Compositional synthesis for monolithic systems, i.e., architectures with one component and the environment, is a well-studied field in reactive synthesis, for example in  [14, 18, 24, 26] and most recently in [1]. In multi-component systems with partial observation, compositionality has the potential to improve algorithms significantly, for example in reactive controller synthesis [2, 22]. Assume-guarantee synthesis adheres to the same synthesis paradigm as our approach: the local components infer assumptions over the other components to achieve the local goals [4, 6]. The assumptions are trace properties, restricting the behavior of the components which often is not necessary.

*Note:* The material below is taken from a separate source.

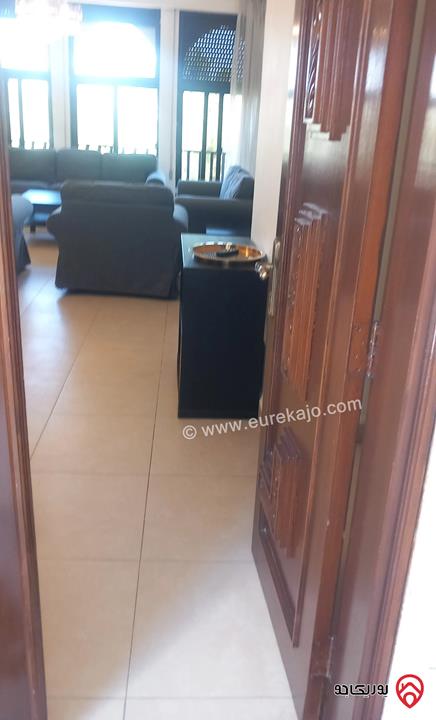 روف مفروش طابق ثالث مساحة 200م للايجار في عمان - عبدون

If the assumptions are not sufficient, i.e., too weak to locally guarantee the specification, the assumption can be iteratively refined [29]. Another approach is weakening the acceptance condition to dominance [10] or certificates that specify partial behavior of the components in an iterative fashion [19]. In our previous work on information flow guided synthesis [17], we have introduced the concept of compositional synthesis with information-flow assumptions. The work presented in the paper overcomes the two major limitations of this original approach, namely the limitation to liveness (or, more precisely, co-safety properties) and the limitation to specifications that can be realized by acting only on a a finite amount of information.

9 Conclusion

We have presented a new method for the compositional synthesis of distributed systems from temporal specifications. Our method is the first approach to handle situations where the required amount of information is unbounded. While the information-flow assumptions are hyperproperties, we have shown that standard efficient synthesis methods for trace properties can be utilized for the construction of the components. In future work, we plan to study the integration of the information-flow assumptions computed by our approach with the assumptions on the functional behavior of the components generated by techniques from behavioral assume-guarantee synthesis [4, 6]. Such an integration will allow for the synthesis of systems where the components collaborate both on the distribution and on the processing of the distributed information.